He won a Rockefeller Fellowship which allowed him to explore a vocation for the church, at Church Divinity School of the Pacific in Berkeley, California. Spence attended Princeton with the Class of 1961, majoring in religion. He grew up on ranches in Cora and Big Piney, Wyoming, then went “back east” to South Kent School in Connecticut. Spence was born in Providence, RI, but returned as an infant to the cattle ranch in Wyoming where his mother and her close friends from Providence had met and married cowboys a few years before. Spencer Reynolds Sr., of Princeton, died peacefully November 28, 2021, following complications of vascular dementia. He loved cooking, good wine, and played a mean game of cribbage.Įric is survived by his siblings John, Elizabeth, and Peter former spouse Katharine children Alex and Emily and grandchildren Clementine, August, Elliott, and Silas.ĭonations in Eric’s memory may be made to the American Geophysical Union, Hydrology Section Fund. He regularly traveled back to British Columbia, Canada, for annual salmon fishing trips with friends and ski trips at Whistler and enjoyed deer hunting in upstate New York. When not working on his research or traveling around the world to conferences or to collaborate with international colleagues, Eric was an avid fisherman, hunter, and skier. Eric was a member of the National Academy of Engineering as well as a fellow of the American Association for the Advancement of Science, the Royal Society of Canada, the American Meteorological Society, the American Geophysical Union, and the Australian Academy of Technological Sciences and Engineering.
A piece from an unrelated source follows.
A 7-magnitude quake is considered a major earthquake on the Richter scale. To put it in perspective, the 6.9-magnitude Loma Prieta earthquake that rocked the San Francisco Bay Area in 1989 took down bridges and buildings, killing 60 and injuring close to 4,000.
Charney Award of the American Meteorological Society. Horton Medal of the American Geophysical Union, the Alfred Wegener Medal and the John Dalton Medal of the European Geosciences Union, and the Jule G. students and a similar number of postdocs and research staff.Įric won 17 major awards for research scholarship, including the Robert E.
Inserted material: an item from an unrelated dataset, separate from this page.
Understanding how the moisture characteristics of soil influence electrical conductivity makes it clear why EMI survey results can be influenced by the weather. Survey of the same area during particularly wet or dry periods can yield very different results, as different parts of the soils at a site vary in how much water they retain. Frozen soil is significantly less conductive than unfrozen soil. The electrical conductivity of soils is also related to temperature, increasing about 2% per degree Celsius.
STEVE MEADE DESIGNS LOSER PROFESSIONAL
His impact was felt not only through his research but also through his professional service to the global scientific community and through his mentoring of more than 30 Ph.D. Eric was committed to developing better climate data for parts of the world that had been historically overlooked such as sub-Saharan Africa and South America. He contributed pioneering work to the development of hydrologic modeling, the use of satellite remote sensing data, and the creation of continental and global climate models. Eric’s early research was in systems analysis as applied to hydrology, and he worked for two years in Austria at the International Institute for Applied Systems Analysis (IIASA) before joining the faculty at Princeton University in 1976, where he would spend his entire academic career.Įric is known for his enormous impact in the field of hydrology. He was 74.īorn in Vancouver, Canada, Eric received a BS in civil engineering at the University of British Columbia before coming to the United States where he earned his doctorate from MIT in 1974. Eric Franklin Wood, of Princeton, NJ, died on Novemafter a multi-year battle with cancer.